As employees across the UK return to the workplace following a year of remote working, new research indicates the ongoing shift back to offices may significantly disrupt workers’ sleeping patterns and wider wellbeing.

The Global Working From Home Survey, commissioned by employee wellbeing specialist WRKIT, found that UK workers are overwhelmingly sleeping better due to their newfound capacity to forgo the daily commute. When asked about their sleep quantity, UK workers reported back that they now sleep longer with no commute, which for many takes more than an hour each day, scoring their sleep duration 8.6/10.

Additional questions into sleep quality and quantity reveal that UK workers are also strongly positive about their sleep quality when working from home, scoring sleep quality 7.6/10 on average, and also find it far easier to plan their nightly sleep routine (7.3/10).

Interestingly, the research suggests that UK workers’ sleeping patterns have benefited far more from the shift to working from home than their international counterparts. To this end, respondents from the UK reported feeling refreshed after sleep when working from home, scoring this affirmation at 6.5/10, compared to 4.5/10 globally.

The research also found that working from home has benefited worker wellbeing more widely, with UK workers reporting that they are now far more able to make time to focus on activities they enjoy (scoring this affirmation at 7.1/10) compared with the global reading (5/10).

Data from the Office of National Statistics (ONS) found that more than a third (35%) of the UK’s workforce are still working remotely, indicating that millions of workers will need to significantly adjust their sleeping pattern and morning routine over the coming weeks as offices return. Given this, businesses must in turn either adapt to this step-change or risk worker wellbeing plummeting over the coming weeks, at a significant detriment to both morale and productivity.

Given also that sleep deprivation has been estimated to cost the UK economy approximately £37 billion in lost productivity annually, these new findings indicate a real need for companies to assess their current workplace return strategy, and consider offering hybrid working arrangements where possible.

Commenting on the findings Jason Brennan, director of leadership and wellbeing at WRKIT, said: “The sudden shift to working from home last March was intense for employees and organisations alike. Those uprooted from their workplace have been impacted uniquely and there have been profound psychological and emotional effects across the UK’s workforce.
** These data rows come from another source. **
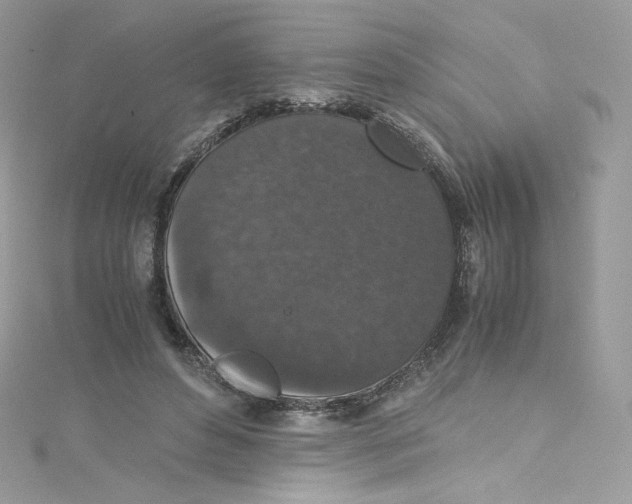 X0000114660496200911171113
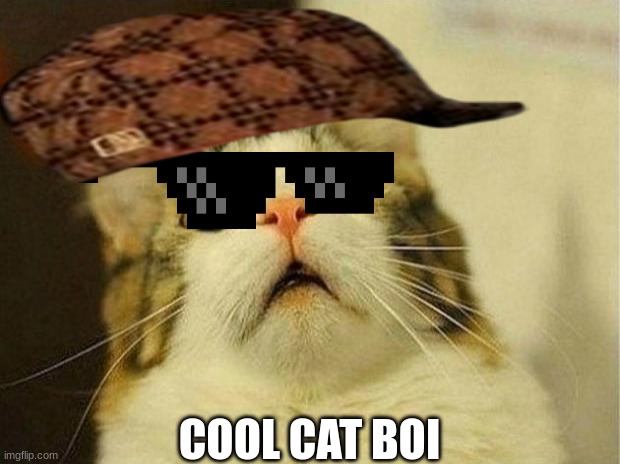Scared Cat | COOL CAT BOI | image tagged in memes,scared cat | made w/ Imgflip meme maker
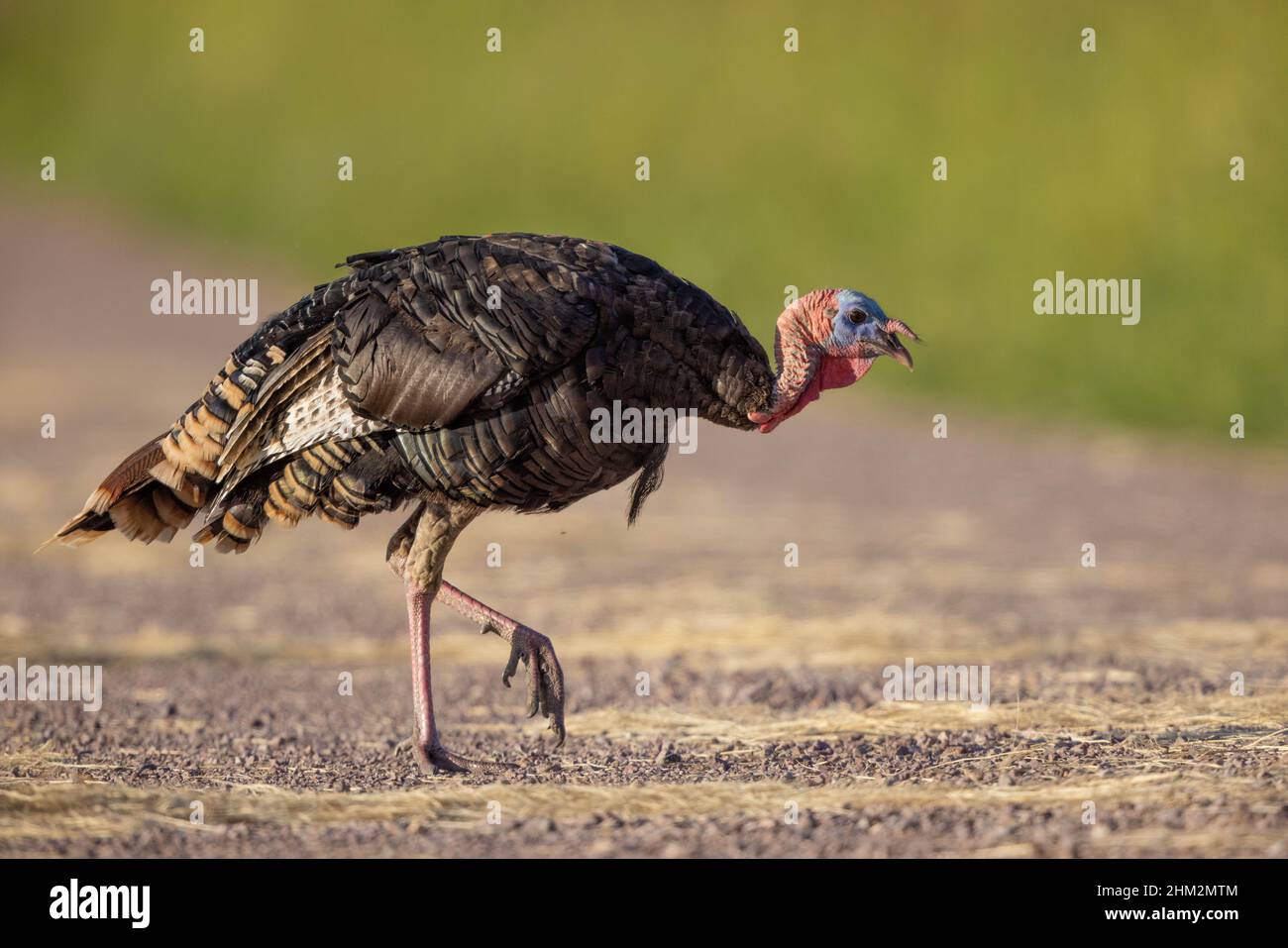 Rio Grande Wild Turkey High Resolution Stock Photography And Images Alamy
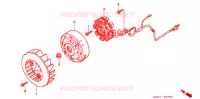 ALTERNATEUR pour Honda TACT 50 1998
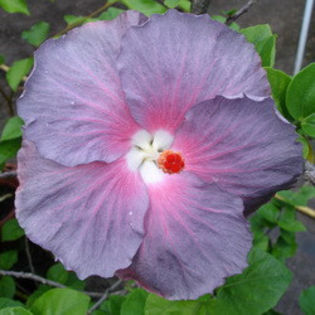 Moorea Morning Blue [Not Registered] - SEMINTE DE HIBISCUS TROPICAL DE MOOREA o noua transa OCTOMBRIE 2013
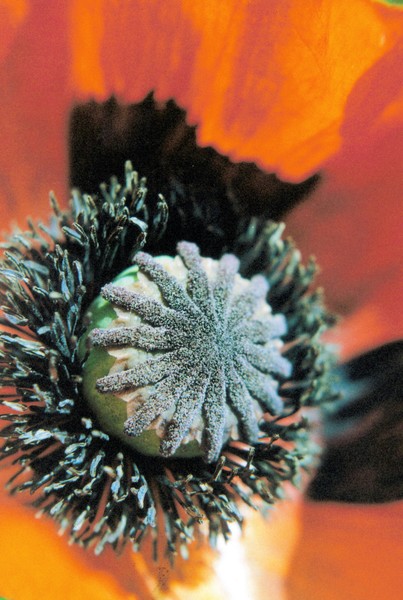 poppy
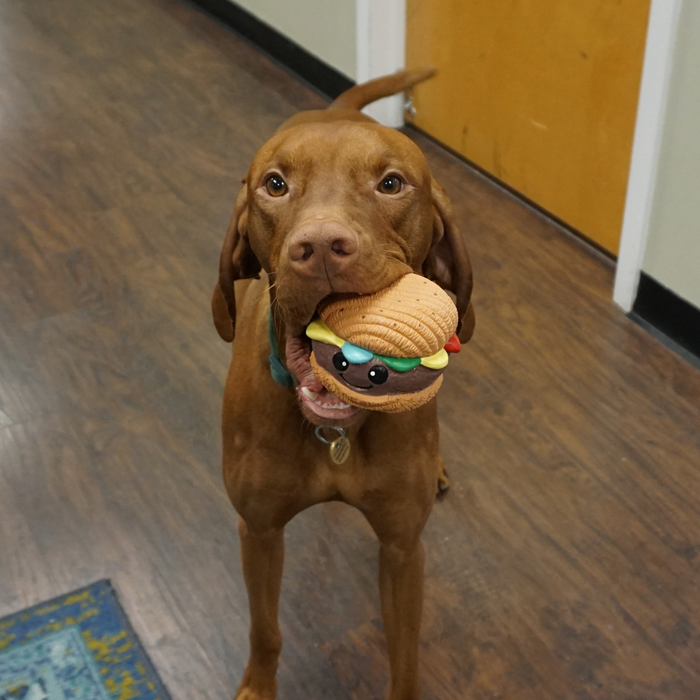 Big Buns Foodies Hamburger Ruff-Tex Latex Ball Dog Toy, photo 7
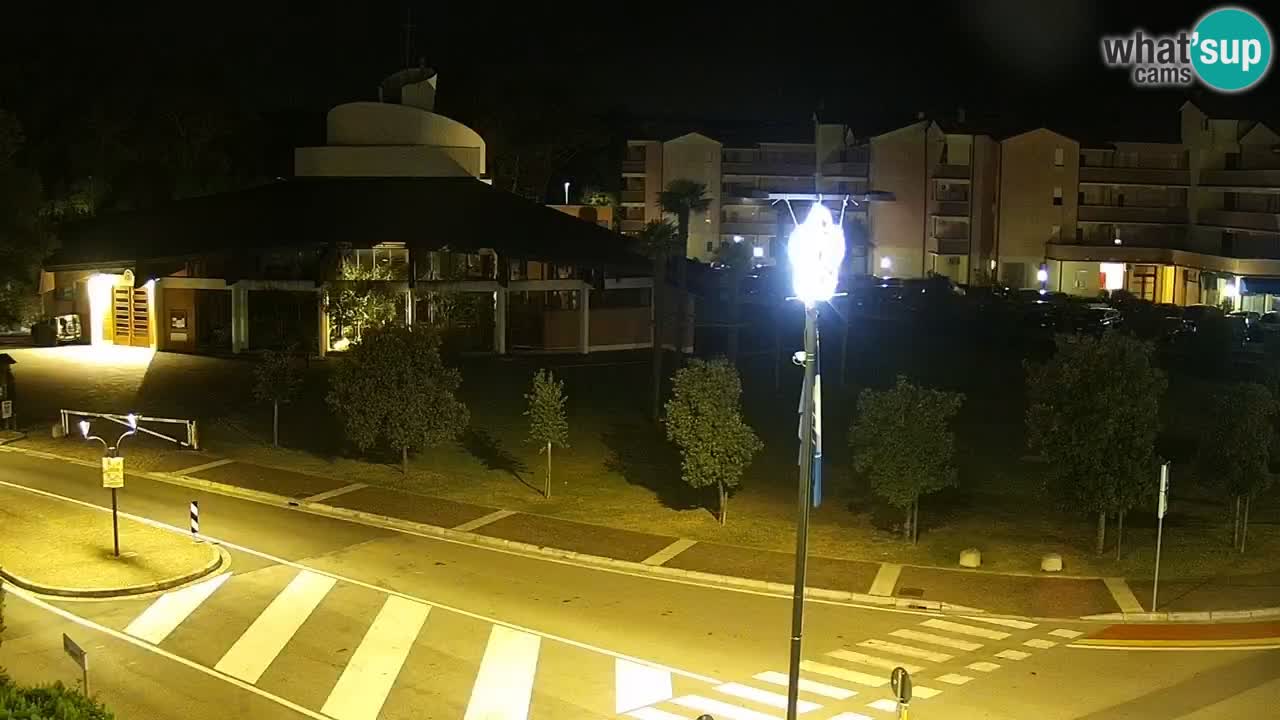 Camera en vivo Rosolina mare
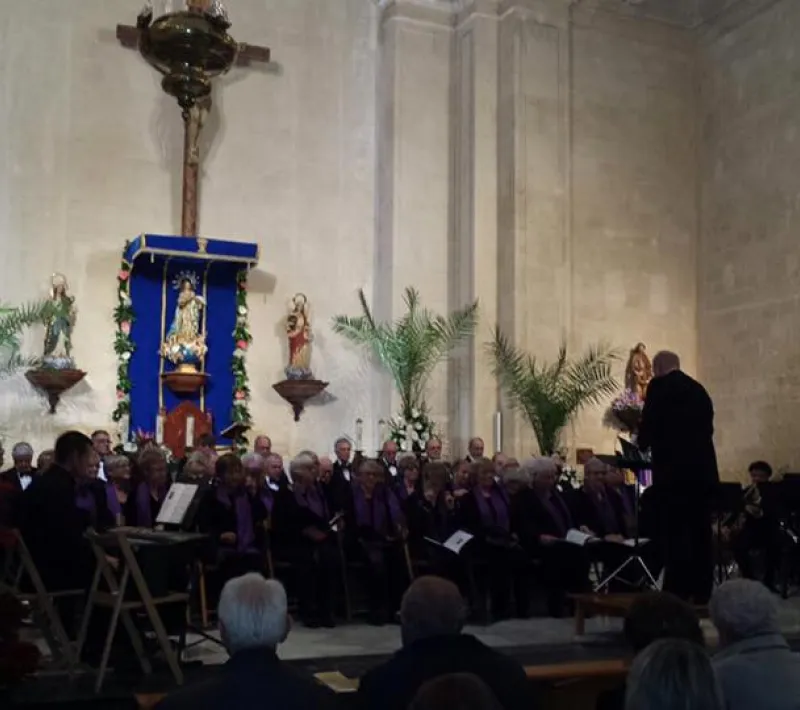 vivace 3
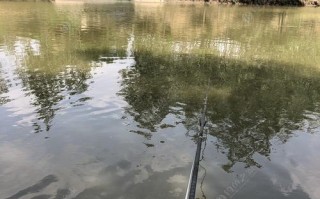 东海塘钓鱼最佳位置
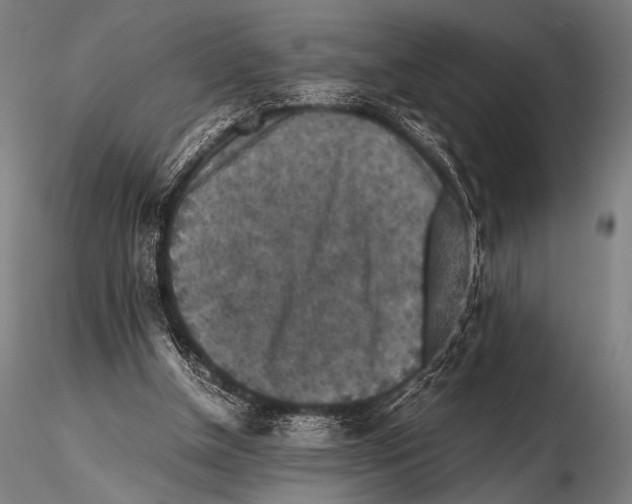 X0000115410154200912011348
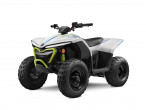 2024 CFMOTO C-FORCE EV110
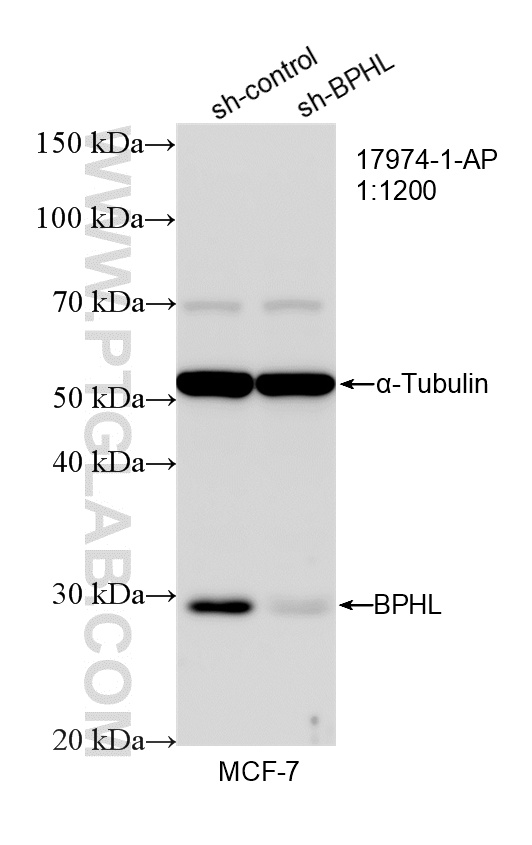 WB analysis of MCF-7 using 17974-1-AP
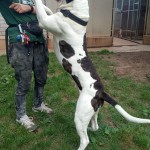 Chico - Englische Bulldogge - Bild 7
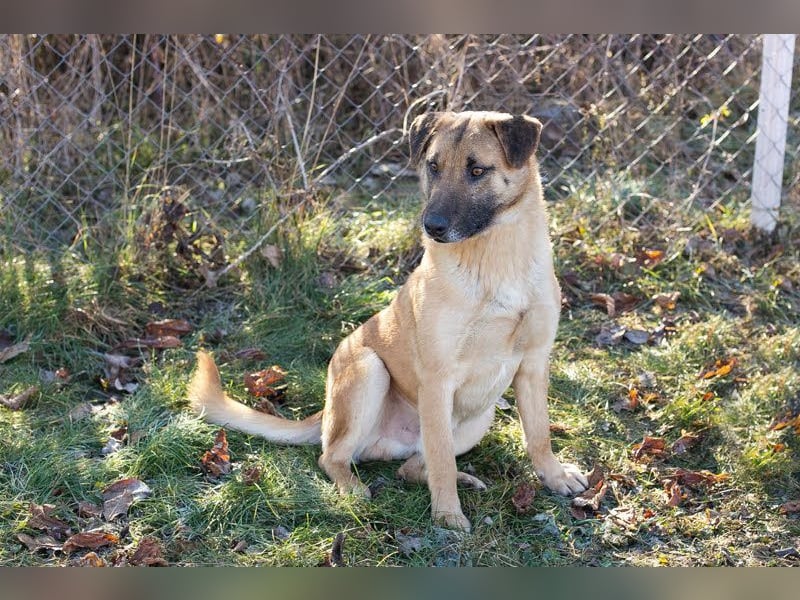 BOFUR - ich bin menschenbezogen, aktiv, leinenführig und suche eine unternehmungslustige Familie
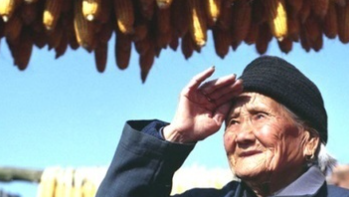 儿行千里母担忧下一句,儿行千里母担忧选自哪部京剧图1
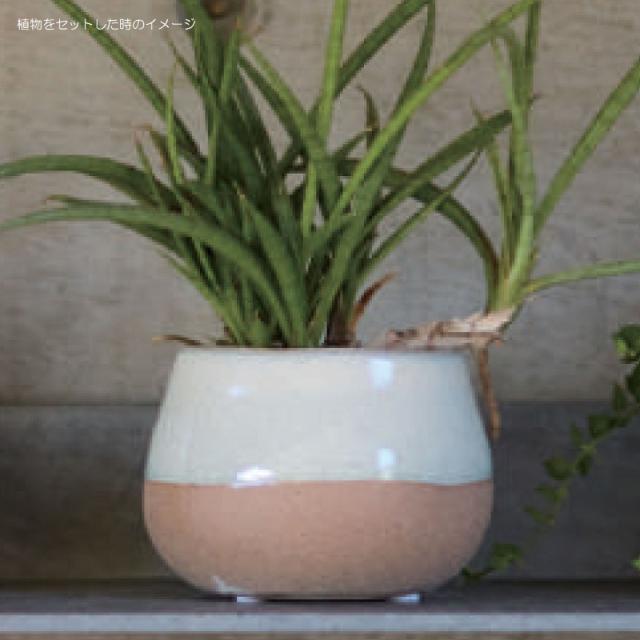 花・観葉植物用ポット ライラ 11 WN ceramic (6個入り) 40101 鉢タイプ (代引き不可) ミニ鉢カバー FARM (p44)の通販は 花・観葉植物用ポット ライラ 11 WN ceramic (6個入り) 40101 鉢タイプ (代引き不可) ミニ鉢カバー FARM (p44)の通販は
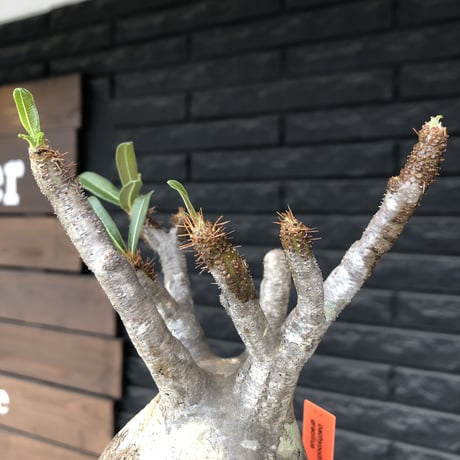 pachypodium  gracilius《小さめL size》最高balance株※現地球発根後店主国内管理4年株※極balance良くズバ抜けたカラーの持ち主※mad black pot植え
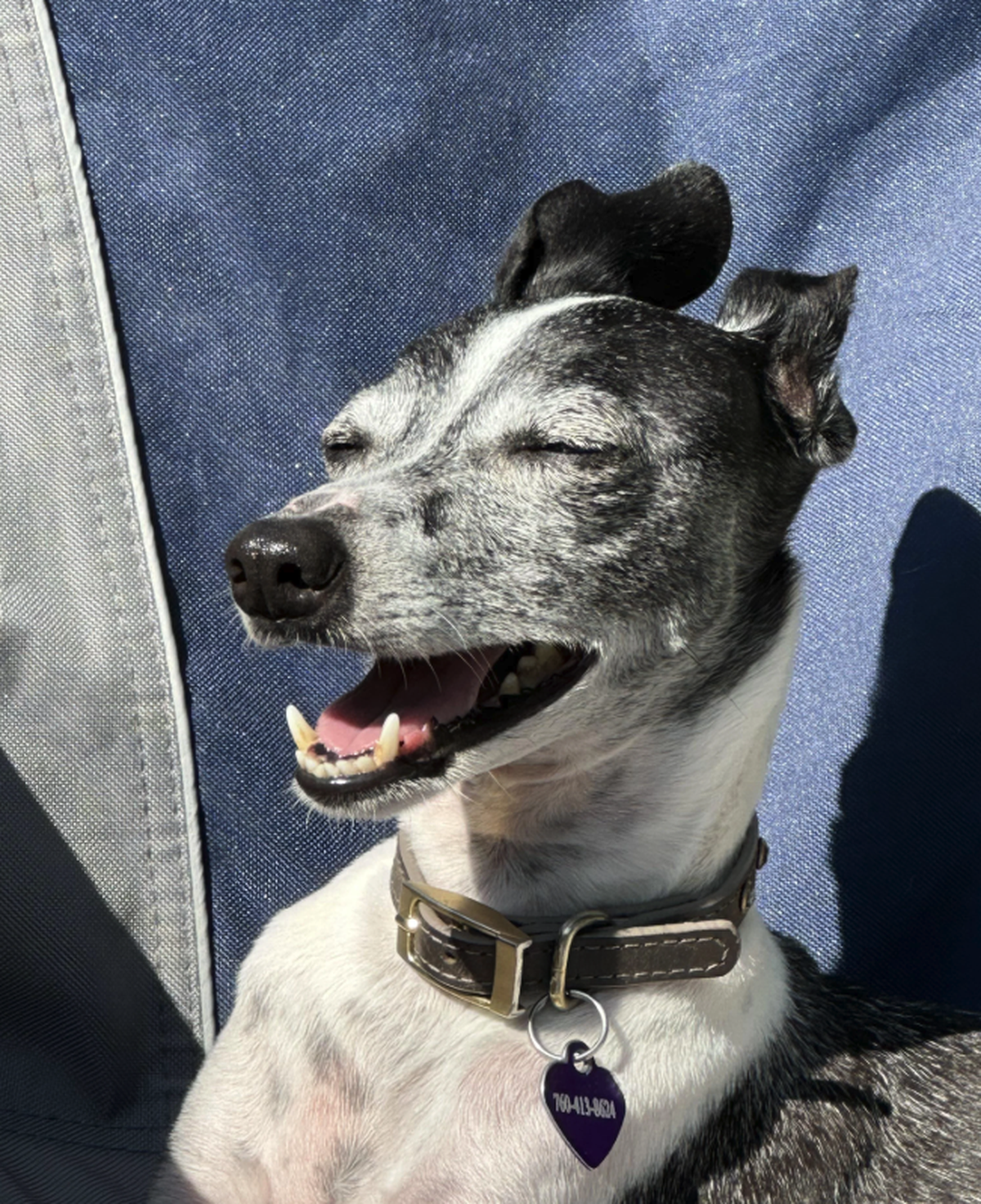 Hund mit geschlossenen Augen.

https://www.reddit.com/media?url=https%3A%2F%2Fpreview.redd.it%2Fshow-me-your-funniest-pictures-of-your-dog-v0-s8ud7ifhcqsh1.jpeg%3Fwidth%3D3024%26format%3Dpjpg%26auto%3 ...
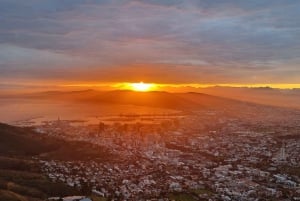 Cape Town: Taffelberget med ekspertguide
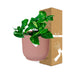 Epipremnum Pinnatum 'Aureum' im ELHO Vibes Fold Topf (14cm, rosa) Bild 4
“So many workers seeing marked improvements to their sleeping patterns has been an extremely positive legacy of the past 12 months, that businesses would do well to pay attention to if they are to keep morale – and, crucially, the wellbeing of their staff – high over the coming months.

“Where possible, businesses should consider providing the option of permanent remote working, even for two or three days a week. This will enable employees to maintain good sleep hygiene, to the mutual benefit of employer and employee, and enable forward-thinking businesses to attract and retain the top talent in their industry.”

The research, believed to be the first of its kind conducted on a global scale, surveyed more than 4,000 employees worldwide – 1,293 from the UK alone – on how the past year has impacted their wellbeing across six key pillars; sleep, work, life, food, and mental and physical wellbeing.